Average Curses of Arcane Gems

Deep within the plots of the Earth Disaster Legion, the tactician in black robes learned from a spy in the elven high council about the legendary Arcane Scepter. Intrigued by the primeval magic hidden in the Arcane Gems, he designed a scheme to seize several of them. As the chief scientist, you are assigned to lead research in deciphering their internal energy structures.

The gem cores come in two types. The Type‑2 Arcane Gem has each of its k reaction cores in the form of a 2×n grid, and the Type‑3 Arcane Gem has each core as a 3×n grid (note that the number of cores k and the length n may differ).

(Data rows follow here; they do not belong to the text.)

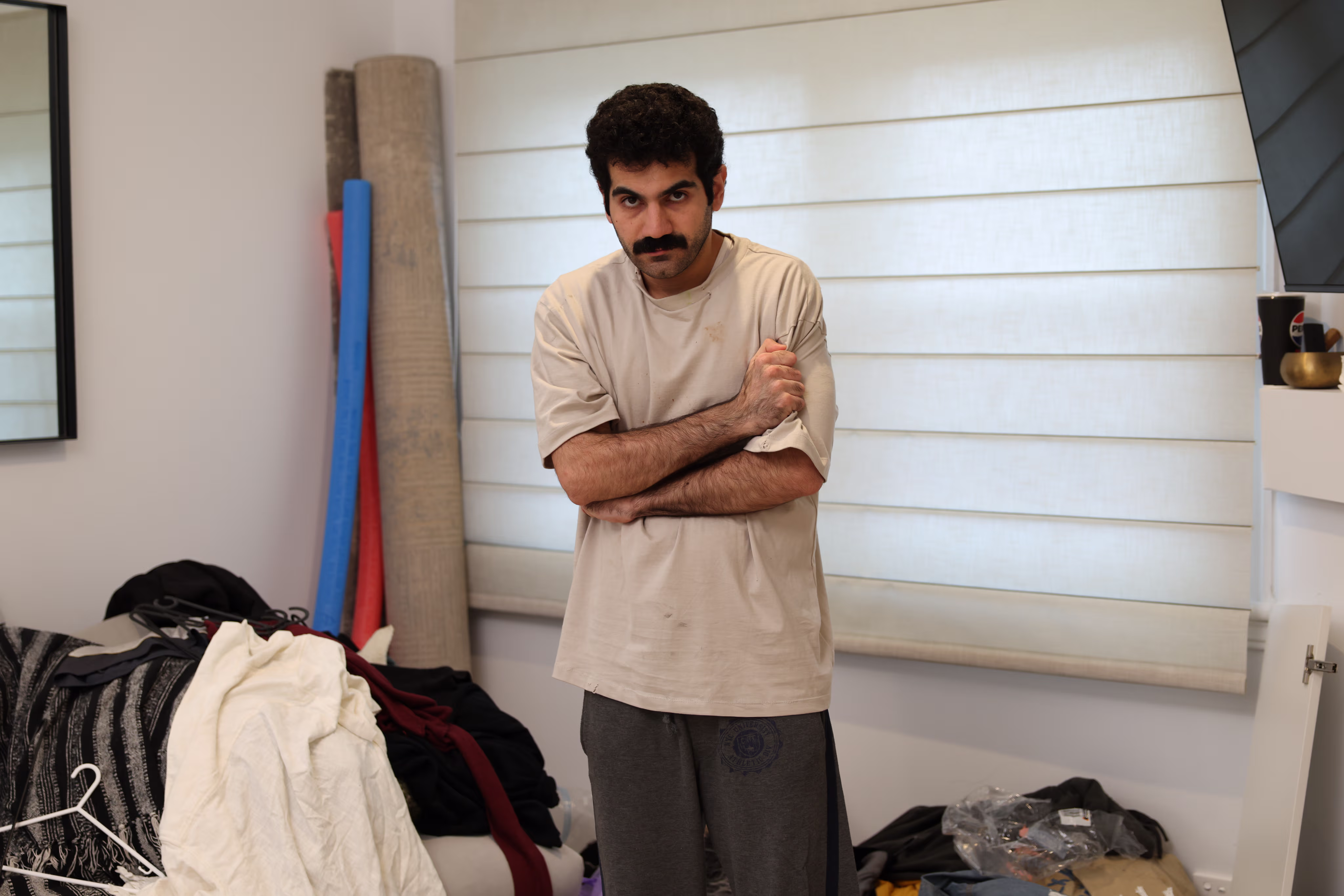A man with a mustache and curly hair stands indoors, wearing a beige shirt and gray pants, with arms crossed and a serious expression.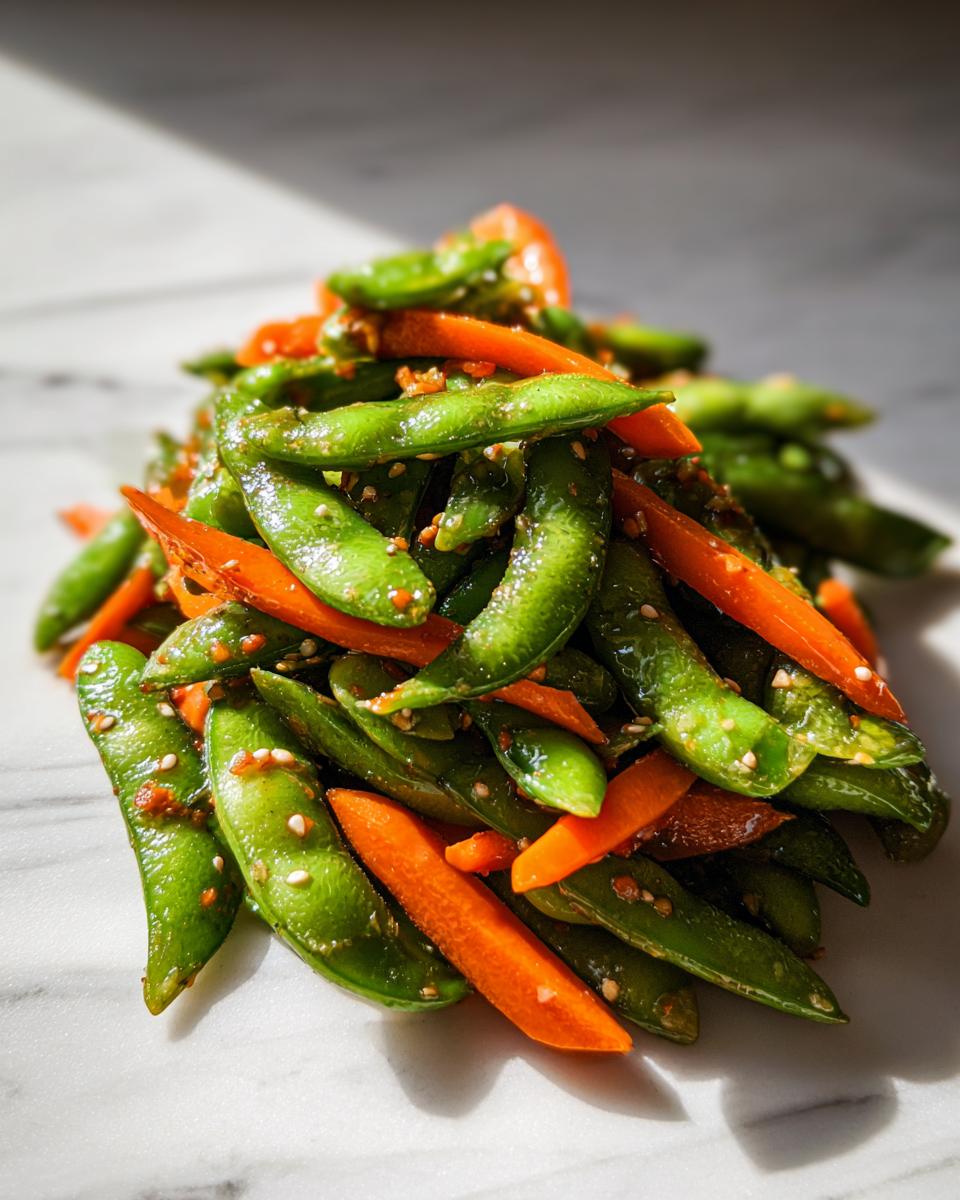 Close-up of a vibrant edamame salad featuring bright green edamame pods mixed with sliced carrots and sprinkled with sesame seeds.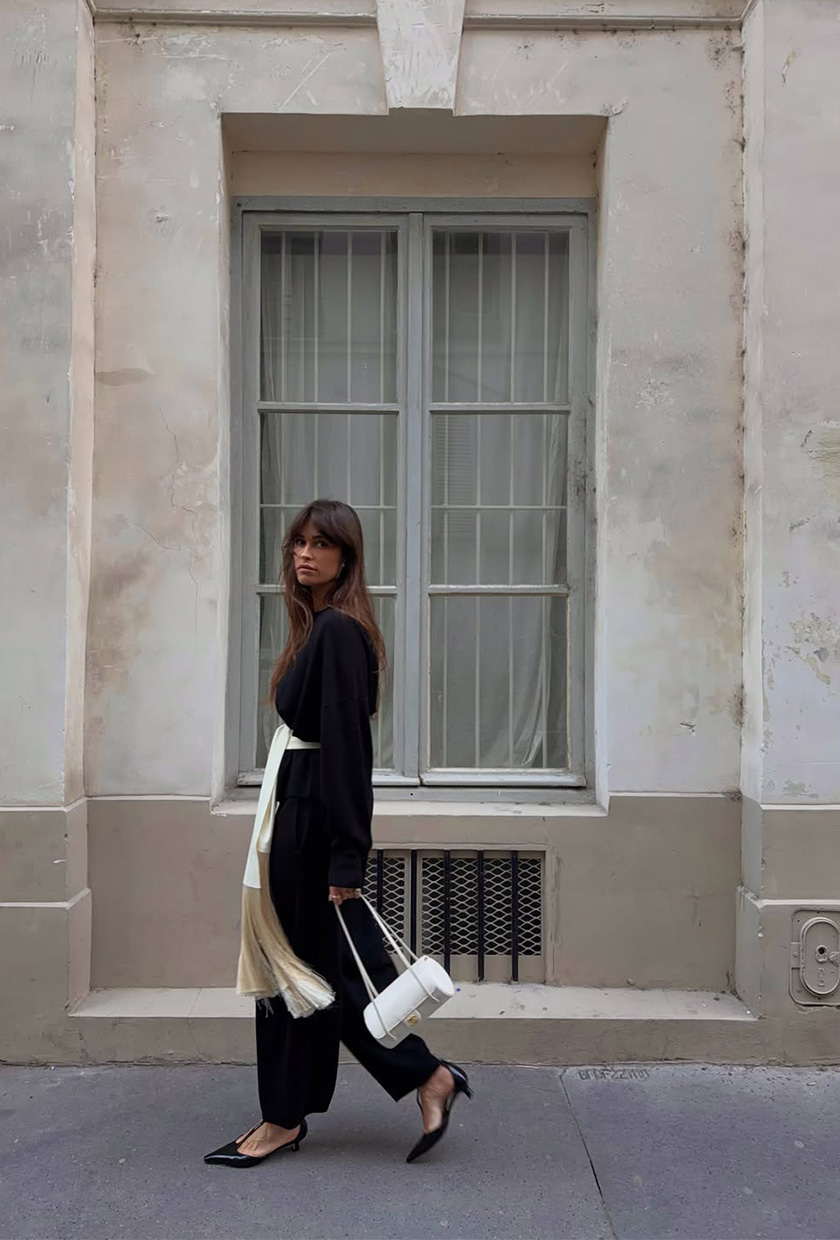 A woman wearing a black crewneck sweater with a white silk scarf tied around the waist, styled with black balloon pants, black pumps, and a white bag.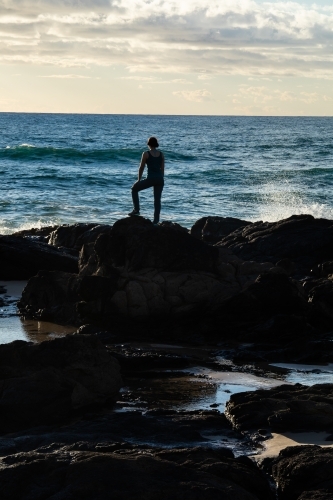 Silhouetted female standing on rocky headland early in the morning - Australian Stock Image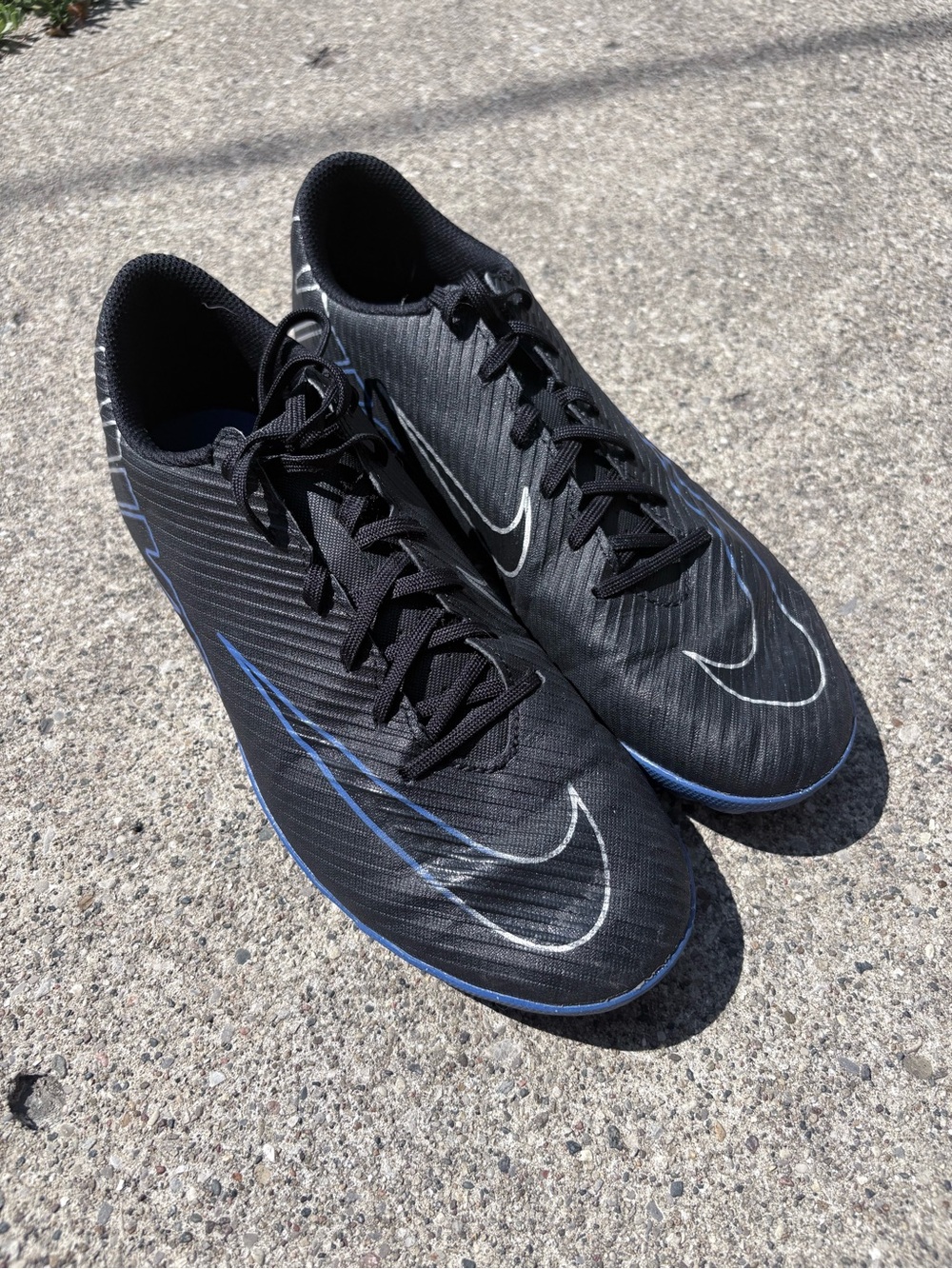 Nike Men’s Black Athletic Soccer Cleats with Blue and White Accents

When the magical reaction happens, each core is fully filled with magical particles. Each particle is a domino tile of size 1×2 that can be placed either horizontally or vertically; a tiling of a core is valid if every cell of the grid is covered exactly once. Two tiling schemes for a grid are considered different if there exists at least one cell that is covered by a domino in a different position or orientation. For example, a 2×4 grid has 5 tiling schemes, and a 3×2 grid has 3 tiling schemes.

A powerful curse is created only if the tiling patterns chosen for the k cores are all distinct. In other words, two curse combinations are regarded as identical if for every tiling in the first combination there exists a tiling in the second combination that is exactly the same.

Formally, for a Type‑2 Arcane Gem with width n and k cores, let the number of different curses be

$$F(n,k)=\binom{T_{2}(n)}{k},$$

where \(T_{2}(n)\) is the number of tiling schemes for a 2×n grid. Similarly, for a Type‑3 Arcane Gem, if \(T_{3}(n)\) denotes the number of tiling schemes for a 3×n grid (note that \(T_{3}(n)=0\) when \(n\) is odd), then the number of curses is

$$G(n,k)=\binom{T_{3}(n)}{k}.$$

For example, \(F(4,1)=5\), \(F(4,2)=10\) and \(G(2,2)=3\).

The exact width n of the cores cannot be measured accurately – only an approximate range \([l,r]\) is known. You are to compute the average number of curses for cores with lengths in this interval:

$$ans2 = \frac{1}{r-l+1}\sum_{n=l}^{r} F(n,k), \quad ans3 = \frac{1}{r-l+1}\sum_{n=l}^{r} G(n,k). $$

The final answer should be expressed as a reduced fraction \(\frac{A}{B}\). Output the value of \(A\times B^{-1} \bmod 998244353\), where \(B^{-1}\) is the multiplicative inverse of \(B\) modulo 998244353.

Note: The tiling number for a 2×n grid is the \((n+1)\)th Fibonacci number with initial values 1 and 2 (i.e. 2×1 grid has 1 tiling, 2×2 grid has 2 tilings, 2×3 grid has 3 tilings, etc.), and the tiling number for a 3×n grid (when \(n\) is even) can be computed by the recurrence

$$a(0)=1,\quad a(1)=3,\quad a(m)=4\,a(m-1)-a(m-2)\text{ for }m\ge2,\quad \text{with }n=2m. $$

inputFormat

The input consists of three space‐separated integers:

• l and r (\(1 \le l \le r\)) that denote the inclusive range for the core length n.
• An integer k (\(k \ge 1\)) denoting the number of cores.

outputFormat

Output two integers separated by a space: the value of \(ans2\) and \(ans3\) modulo 998244353.

sample

4 4 1

5 11